§ **DESCRIPTION OF THE TASK**
Any picture in the data below should be skipped, while every line is repeated exactly.

***** DATASET EXTRACT

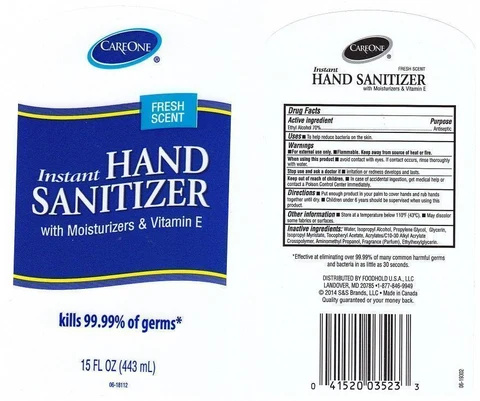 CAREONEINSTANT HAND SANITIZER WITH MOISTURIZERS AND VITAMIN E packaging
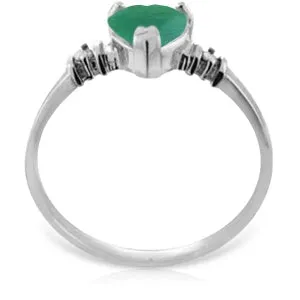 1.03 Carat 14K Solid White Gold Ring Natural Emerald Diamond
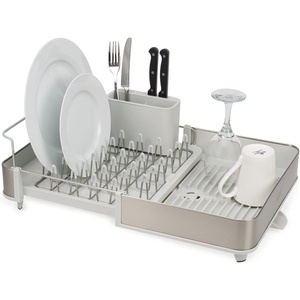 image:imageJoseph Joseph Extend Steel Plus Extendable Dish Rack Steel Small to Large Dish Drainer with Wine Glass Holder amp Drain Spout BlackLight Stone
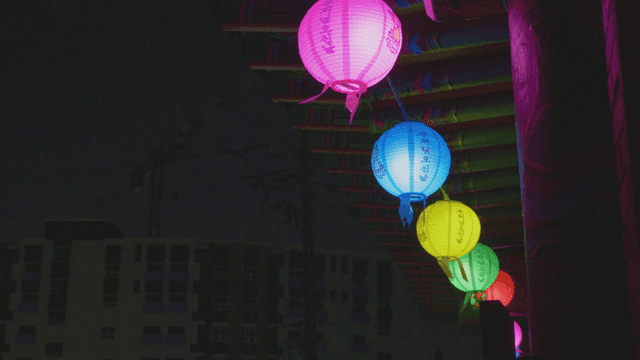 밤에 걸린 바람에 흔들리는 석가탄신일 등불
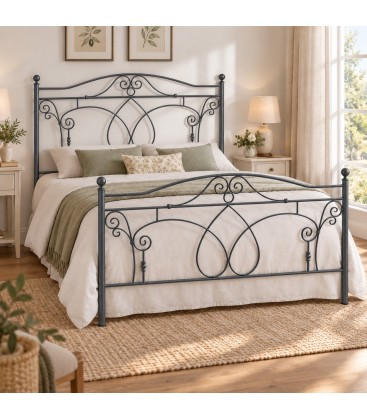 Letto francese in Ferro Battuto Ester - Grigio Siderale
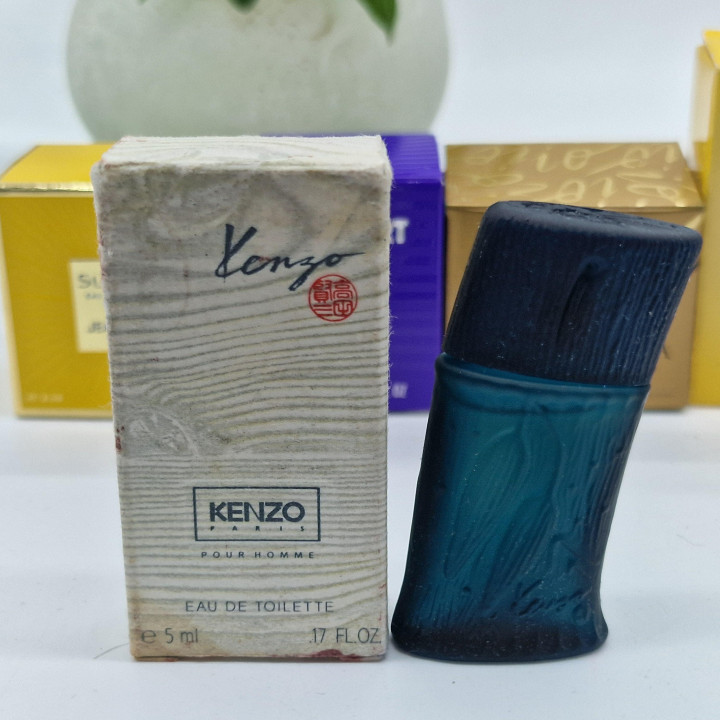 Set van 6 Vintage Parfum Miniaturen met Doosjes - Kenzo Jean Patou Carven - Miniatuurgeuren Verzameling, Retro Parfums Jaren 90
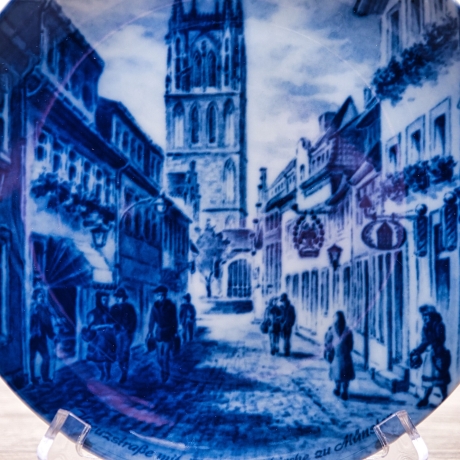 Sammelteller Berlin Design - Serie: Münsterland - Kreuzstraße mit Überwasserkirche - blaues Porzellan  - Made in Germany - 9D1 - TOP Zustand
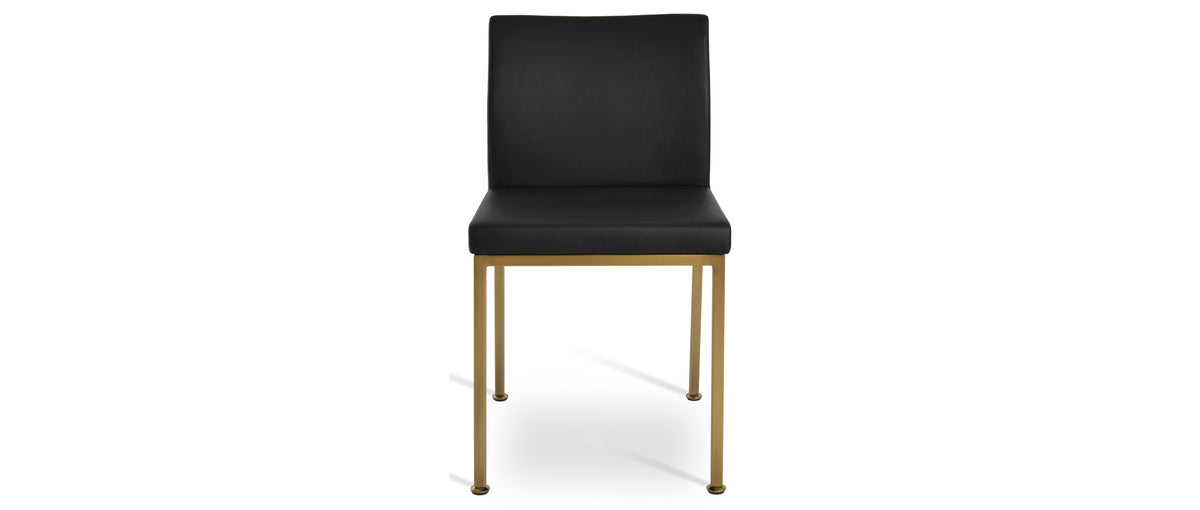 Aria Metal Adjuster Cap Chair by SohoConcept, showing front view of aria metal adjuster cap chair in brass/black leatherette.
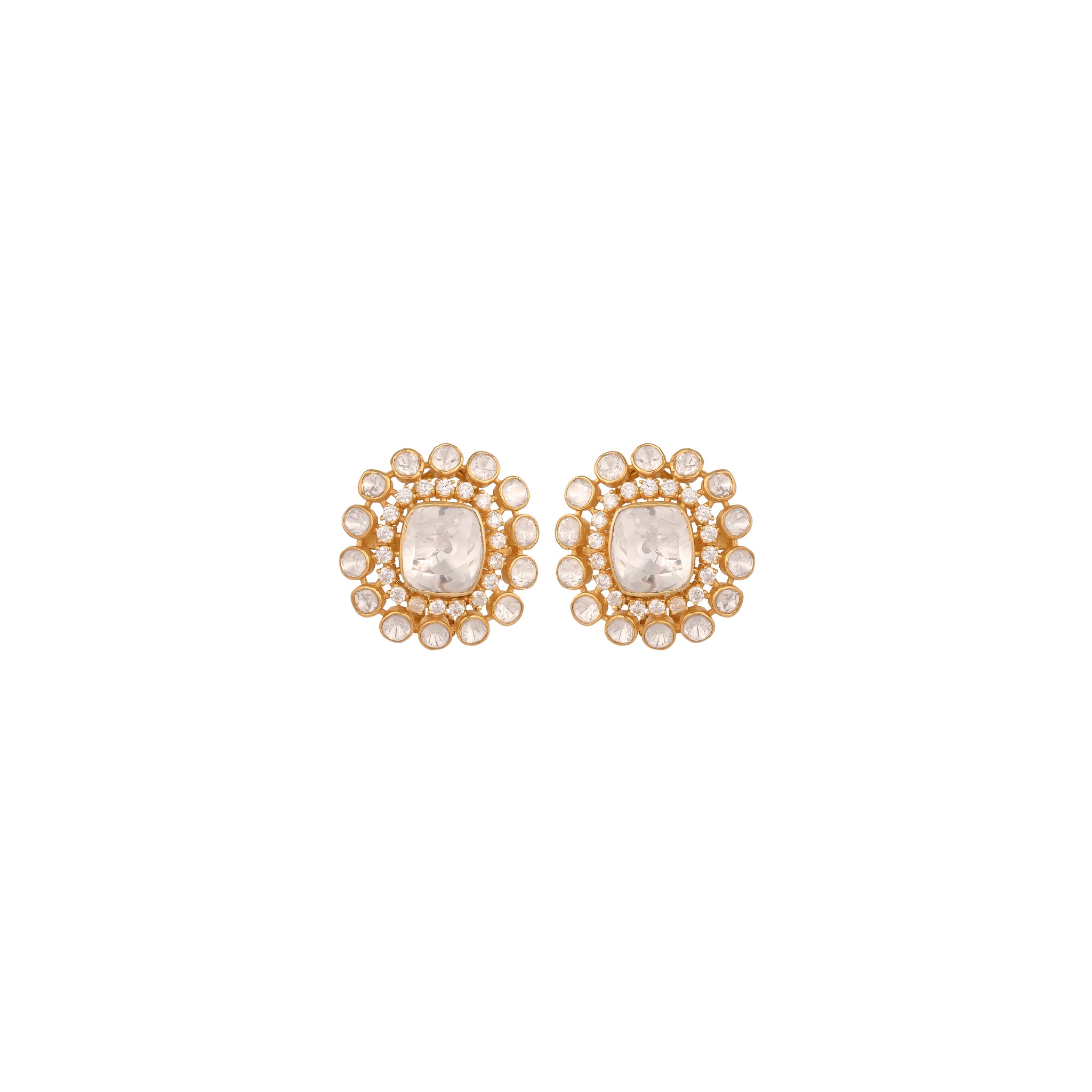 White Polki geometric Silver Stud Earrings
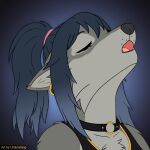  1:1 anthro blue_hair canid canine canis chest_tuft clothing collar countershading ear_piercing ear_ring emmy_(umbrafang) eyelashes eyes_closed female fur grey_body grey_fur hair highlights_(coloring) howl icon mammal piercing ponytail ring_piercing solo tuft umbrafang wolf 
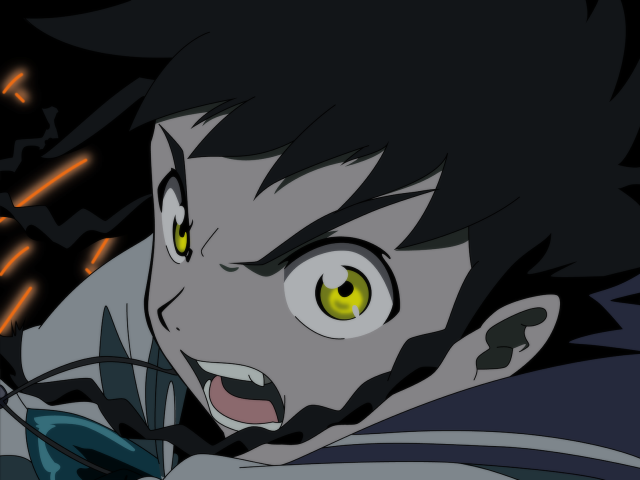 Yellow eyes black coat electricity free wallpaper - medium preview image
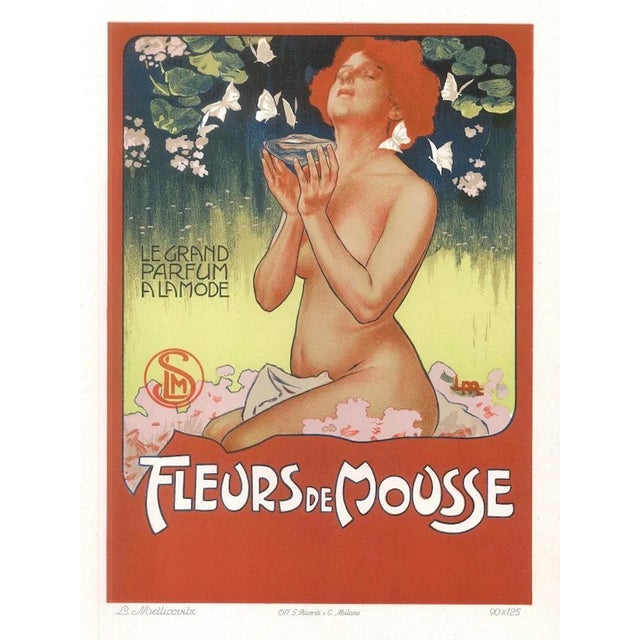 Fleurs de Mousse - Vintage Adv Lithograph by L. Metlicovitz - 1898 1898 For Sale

**********

§ **WRITTEN ANSWER**
 CAREONEINSTANT HAND SANITIZER WITH MOISTURIZERS AND VITAMIN E packaging
 1.03 Carat 14K Solid White Gold Ring Natural Emerald Diamond
 image:imageJoseph Joseph Extend Steel Plus Extendable Dish Rack Steel Small to Large Dish Drainer with Wine Glass Holder amp Drain Spout BlackLight Stone
 밤에 걸린 바람에 흔들리는 석가탄신일 등불
 Letto francese in Ferro Battuto Ester - Grigio Siderale
 Set van 6 Vintage Parfum Miniaturen met Doosjes - Kenzo Jean Patou Carven - Miniatuurgeuren Verzameling, Retro Parfums Jaren 90
 Sammelteller Berlin Design - Serie: Münsterland - Kreuzstraße mit Überwasserkirche - blaues Porzellan  - Made in Germany - 9D1 - TOP Zustand
 Aria Metal Adjuster Cap Chair by SohoConcept, showing front view of aria metal adjuster cap chair in brass/black leatherette.
 White Polki geometric Silver Stud Earrings
  1:1 anthro blue_hair canid canine canis chest_tuft clothing collar countershading ear_piercing ear_ring emmy_(umbrafang) eyelashes eyes_closed female fur grey_body grey_fur hair highlights_(coloring) howl icon mammal piercing ponytail ring_piercing solo tuft umbrafang wolf 
 Yellow eyes black coat electricity free wallpaper - medium preview image
 Fleurs de Mousse - Vintage Adv Lithograph by L. Metlicovitz - 1898 1898 For Sale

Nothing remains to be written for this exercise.